I currently have an el'cheapo ropey landing net which I am getting fed up with, I love the look of the Silicone Landing Nets but cannot find where to get one with a short handle for yaking. The Fastnet Flyl would be perfect ([url=http://www.flybridge.com.au/s...w.flybridge.com.au/store/index ... ucts_id=46)[/url] except their paypal and credit card payment services don't work and I cannot contact them via phone (says number is not available). There seems to be a Burkley and Wilson version but from what I can see they only have long handles. I am in the sunshine coast and tried BCF and BarraJacks.

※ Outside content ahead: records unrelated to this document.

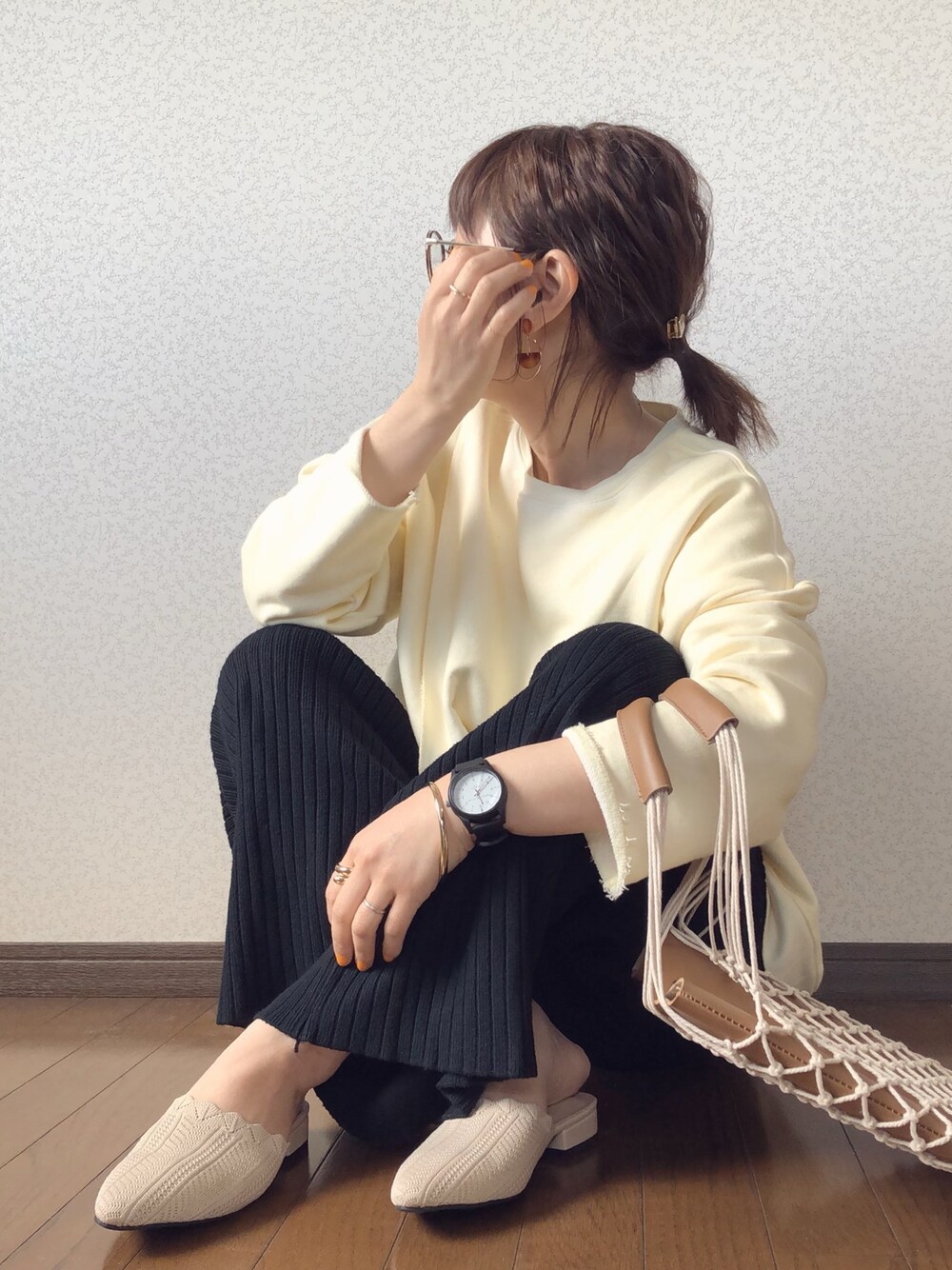「おうちファッション、ハッピージョン、happyjohn、arholiday、アンティローザホリデー、apretro、アプレトロ、Goldy、スウェット、リブパンツ」｜「ap retroの半月マーブル×ループピアス【ZOZO限定アイテム】（ピアス（両耳用）、ブラウン系）」を使った、uaさん（レディース・153cm）の春コーディネートの1枚目の写真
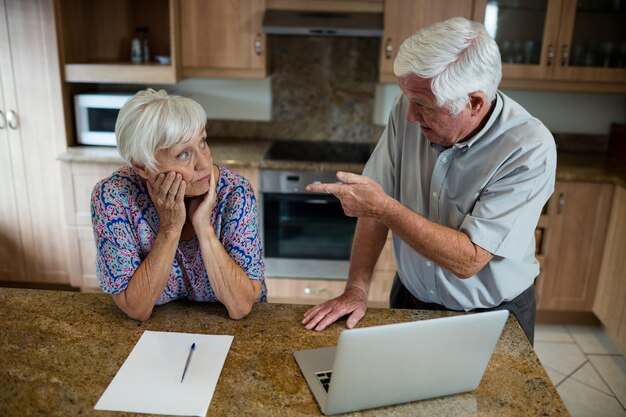 Jak obliczyć emeryturę netto mając brutto?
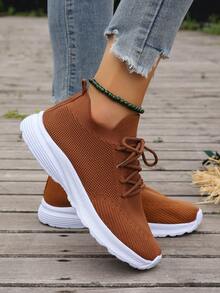 女士加大號圓頭針織透氣輕量化運動鞋,帶有鞋帶 - 棕色 - 查看 4
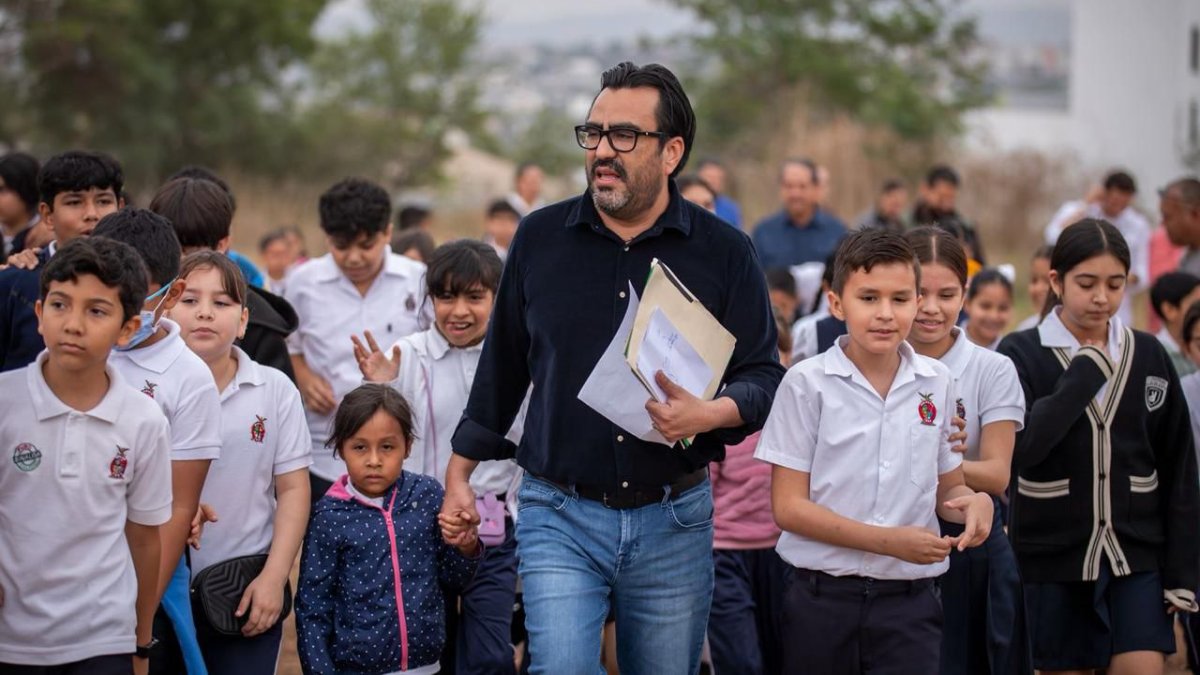 alcalde de culiacan con habitantes de colonias por pavimentacion de calles estudiantes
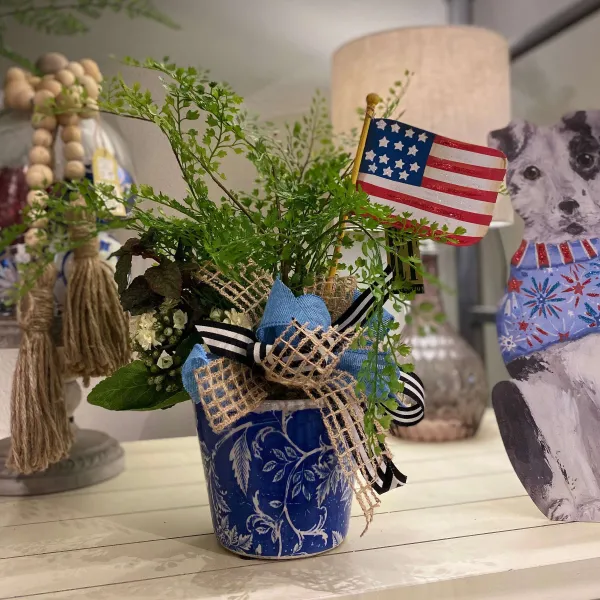 Pot Stakes^The Round Top Collection American Flag Mini Stake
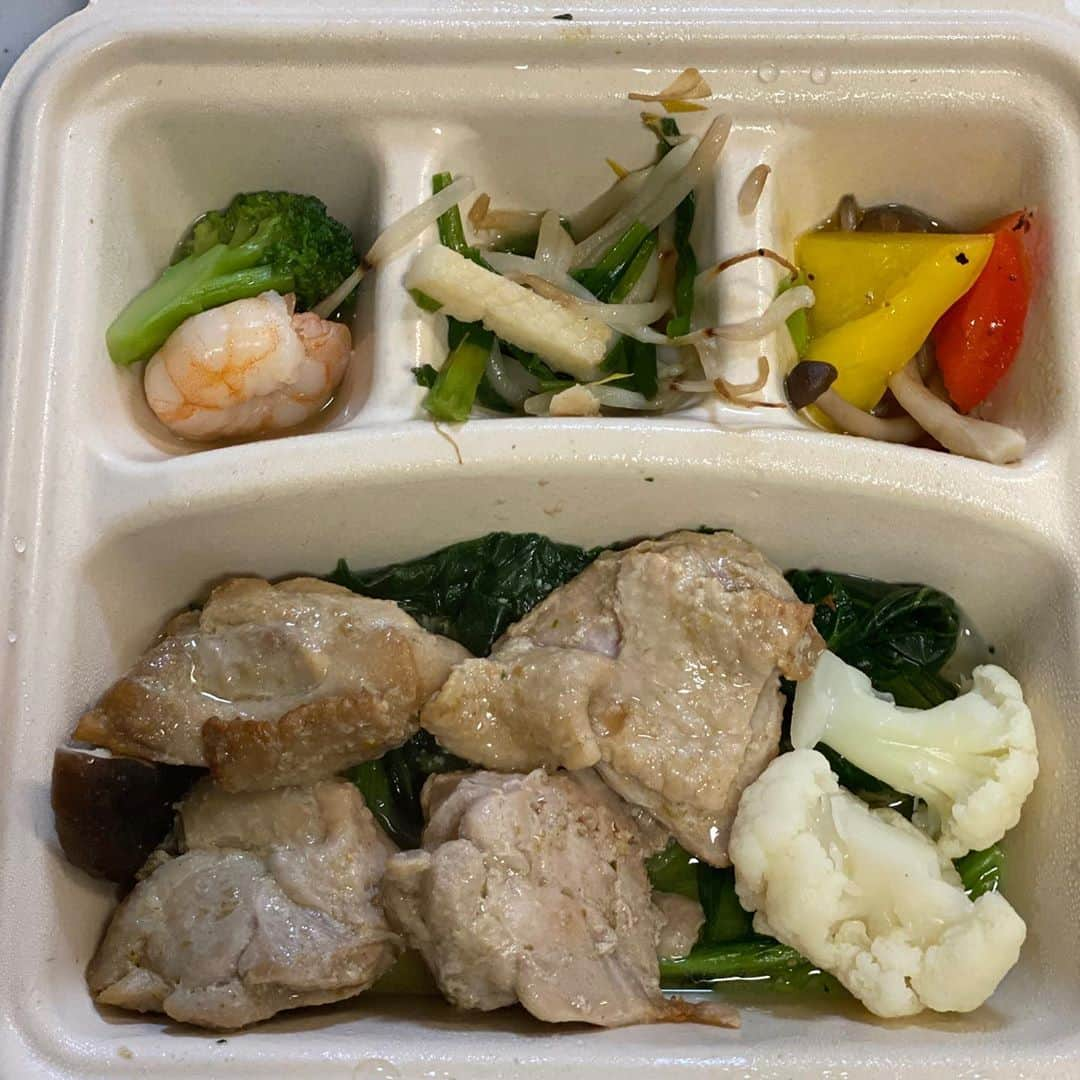 信濃岳夫さんのインスタグラム写真 - (信濃岳夫Instagram)「そして筋トレの後のnosh-ナッシュ-は最高かよ  #nosh #ナッシュ #ちゃんと体重増えて #体脂肪率減ってた #ほんで普通に美味い #ほんでメニュー豊富 #これも続けていこう #継続noshナッシュ」10月29日 21時22分 - takeoshinano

If anyone has any hints please let me know, I am thinking I am just going to have to get a short handed enviro net or a long handled silicone in Burkley or Wilson.

Dan


----------



## KingDan (Feb 25, 2011)

Teach me for not searching the forums properly before I post. Apparently Flybridge have gone broke. Looks like i will be getting a Burkley or Wilson and shortening the handle.


----------



## Marty75 (Oct 23, 2007)

Hi Dan,

I believe there is a Berkley silicone kayak net out there without having to shorten the handle. Not sure where else they are available.

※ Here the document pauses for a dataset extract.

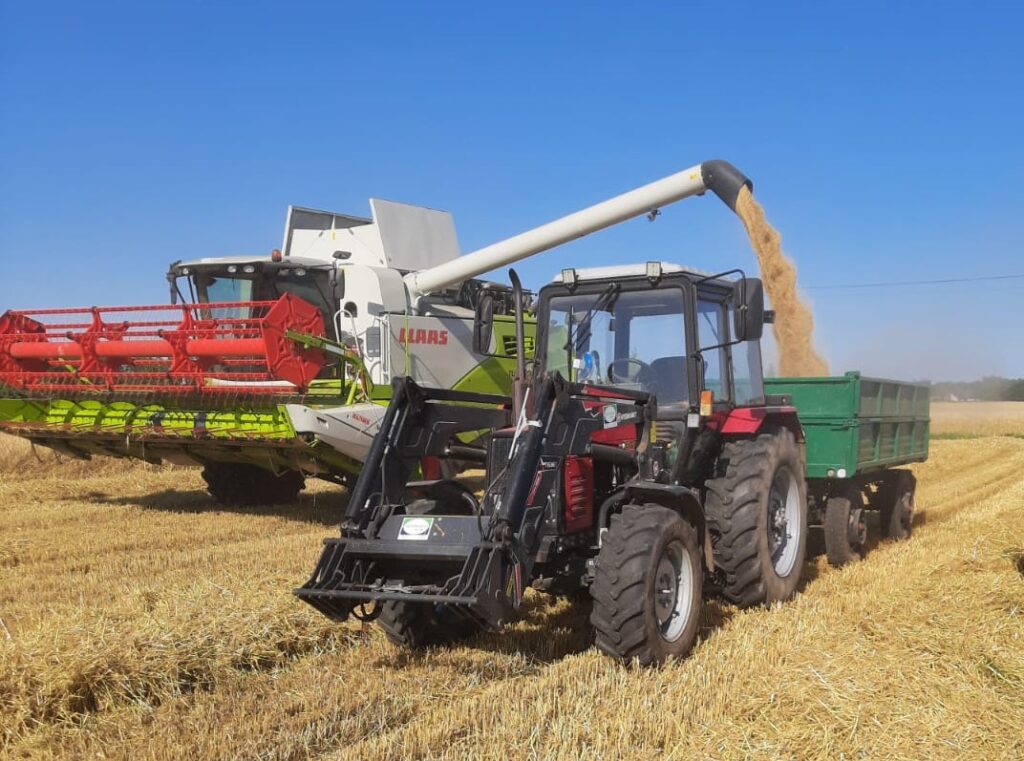 Żniwa - traktor i kombajn w polu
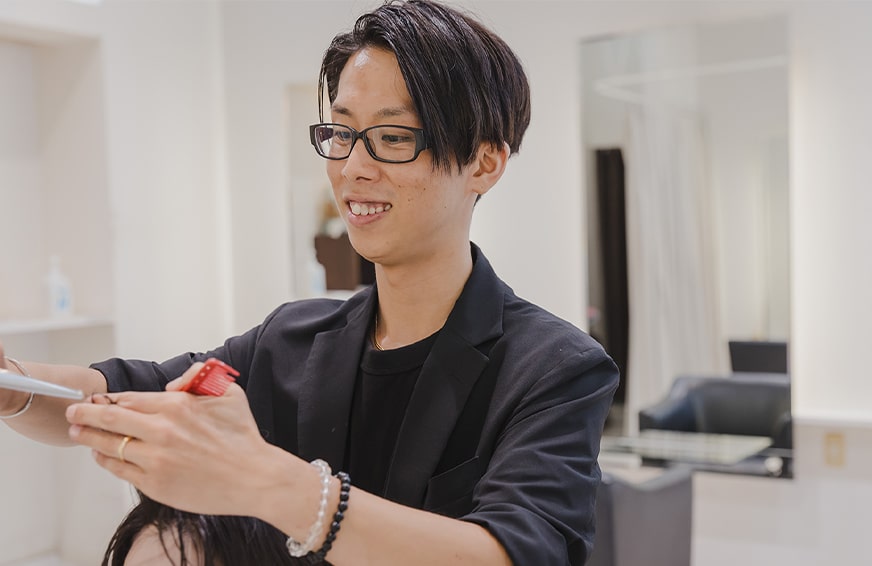 サロンワークの様子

http://cgi.ebay.com.au/Berkley-Kayak-Fishing-Net-/120703430917

Regards

Marty


----------



## KingDan (Feb 25, 2011)

Thanks Marty,

How did I not see this in eBay? I have just bought one now and hopefully can pickup tomorrow.

Cheers
Dan


----------



## southcoastmatty (Jan 21, 2009)

Sorry to hijack the thread but does anyone know of where you can get replacement silicone netting as I have an excellent handle already??
scm


----------



## yaker (Aug 29, 2005)

.


----------



## KingDan (Feb 25, 2011)

Picked the landing net up from Noosa this morning, going to christen it tomorrow. 
Dan


----------



## HardYakker (Feb 7, 2009)

Could you let us know what you think of the Berkley net because the only short handled Berkley net I found in the fishing stores seemed too small even for the average size fish I manage to catch :? It looked like one of those nets people grab goldfish outta tanks with 

I ended up with a environet and I can't fault it, you can rest it on your lap even with a angry Flattie in it!

Cheers,


----------



## cobeking (Mar 29, 2010)

are these nets really worth it,im thinking of getting one because everytime i use the one ive got (cheap fine mesh crap) the little trebles in lures get caught up and takes 10 mins or more to get em out.
so do the hooks not get tangled up in these nets or is the silicone for the fish' benifit


----------



## KingDan (Feb 25, 2011)

Yes it is a tad small, I will see how it goes tomorrow and i'll let you know the results. Hopefully a nice big lizard finds it's way into my net and stays in. As fastnet have gone bust it seems that this is the only short handled silicone net you can get. On a side note it has a nice inbuilt tether and clip, will just have to see if it stretches far enough to be useful.


----------



## yaker (Aug 29, 2005)

.


----------



## phil79 (Nov 7, 2008)

guys the environet is a sail, but a big flattie will jam the holes on a silicone,and make you wish you had an environet.


----------



## KingDan (Feb 25, 2011)

Well I tried that little burkley silicone landing net out today, didn't catch anything massive but it got a good workout, landed 8 legal fish with it, including a 40cm flathead which fit in fine. Very happy with it although I haven't found anywhere practical to attach it to yet on the outback. Not once did I have the pain of untangling fish and hooks from it which was a nice change.


----------



## HardYakker (Feb 7, 2009)

Glad it all worked out torana79. It does look like a good net and if its working for you I might have to maybe get 1.

cheers.


----------



## KingDan (Feb 25, 2011)

Hey Chris,

I just measured the mouth of the net and it is about 28cm wide and 32cm high.

Dan


----------



## GregL (Jul 27, 2008)

southcoastmatty said:


> Sorry to hijack the thread but does anyone know of where you can get replacement silicone netting as I have an excellent handle already??
> scm


matt, Pam and Wayne have them in town. I just got a replacement the other day. 
Catch you soon buddy


----------